(Beginning of SUPPLIED MATERIAL)
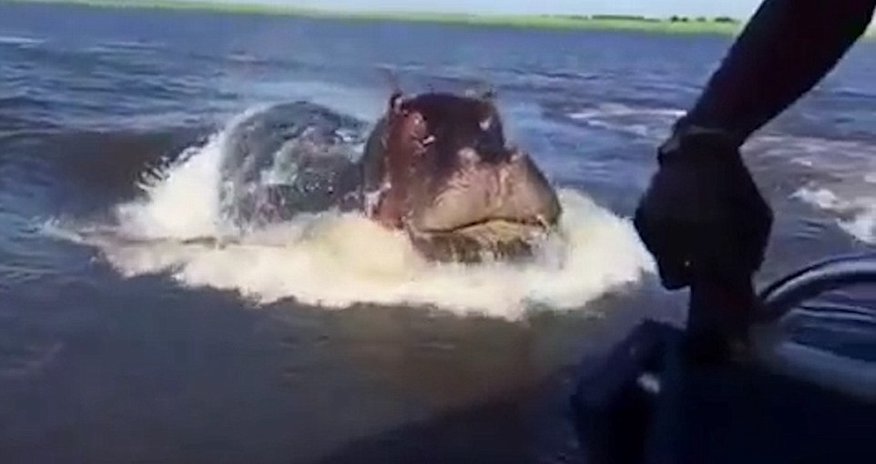 Now that's a hungry Hippo! Now that's a hungry Hippo!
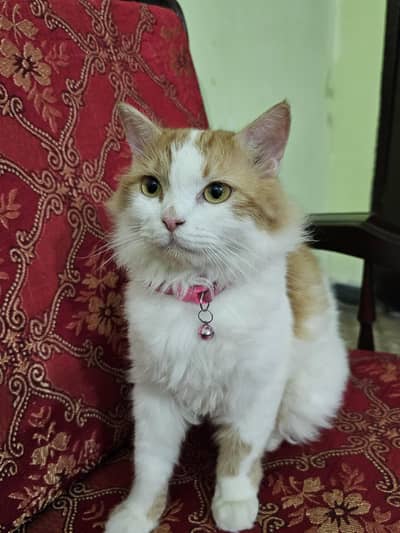 Female Persian Cat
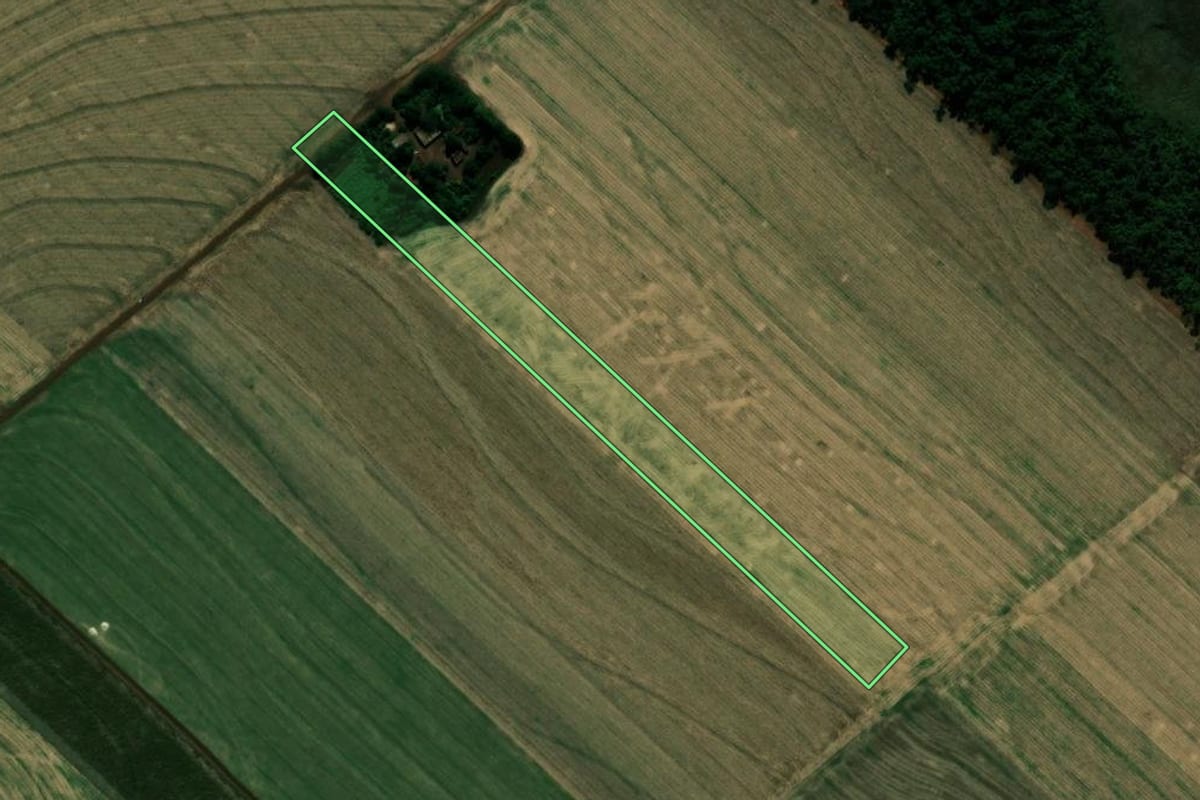 Imagem de satélite do imóvel rural em Japurá (PR), com o contorno declarado no CAR desenhado por cima.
(End of SUPPLIED MATERIAL)
◆ YOUR GOAL:
Return to the listing above and set it down exactly, leaving out its pictures.

◆ ANSWER BOX:
 Now that's a hungry Hippo! Now that's a hungry Hippo!
 Female Persian Cat
 Imagem de satélite do imóvel rural em Japurá (PR), com o contorno declarado no CAR desenhado por cima.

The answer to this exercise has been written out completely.